▸ ACTION ITEM: Wherever the line with "Zac | PetCurious" sits in the listing below, transcribe from it up to and including the line with "A Victorian Christmas", exactly, and leave the remaining lines out.

▸ DATASET CONTENT:
=======
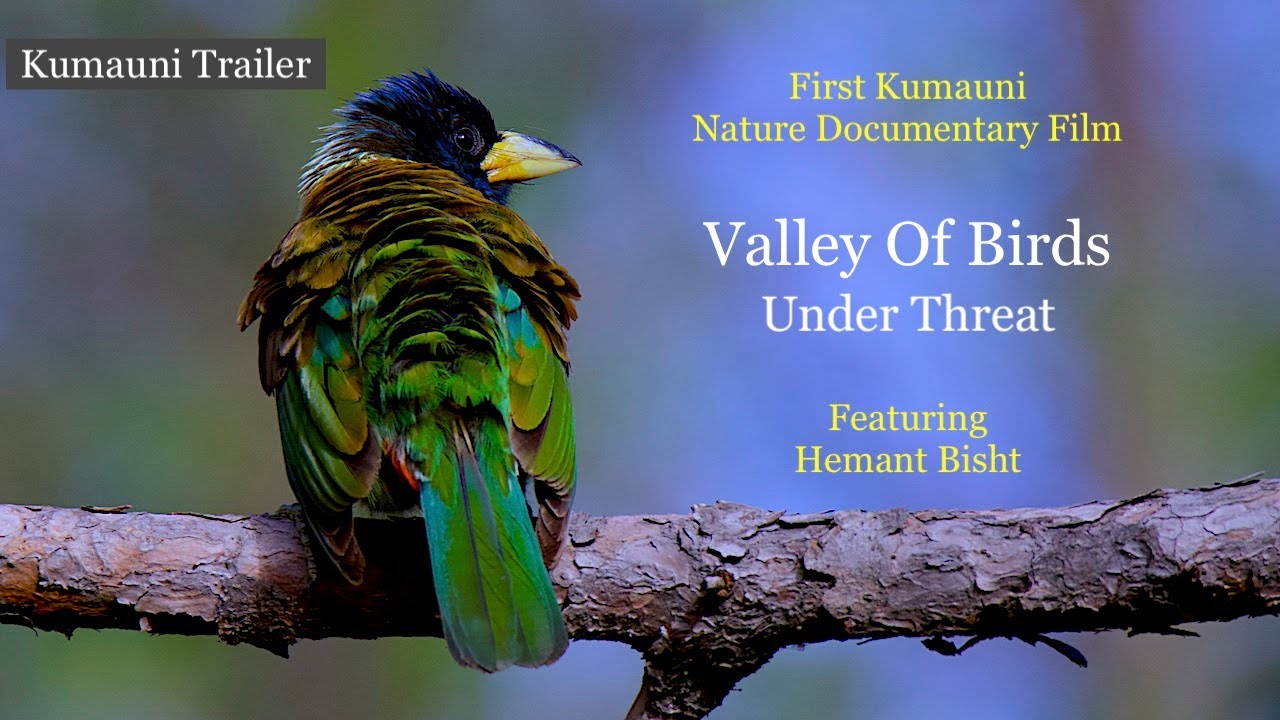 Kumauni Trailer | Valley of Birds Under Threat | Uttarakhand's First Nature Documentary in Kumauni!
=======
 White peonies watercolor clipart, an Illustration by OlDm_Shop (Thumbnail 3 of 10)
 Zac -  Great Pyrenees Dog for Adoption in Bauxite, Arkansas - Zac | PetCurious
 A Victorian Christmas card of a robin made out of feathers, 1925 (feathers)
=======
▸ TASK SOLUTION:
 Zac -  Great Pyrenees Dog for Adoption in Bauxite, Arkansas - Zac | PetCurious
 A Victorian Christmas card of a robin made out of feathers, 1925 (feathers)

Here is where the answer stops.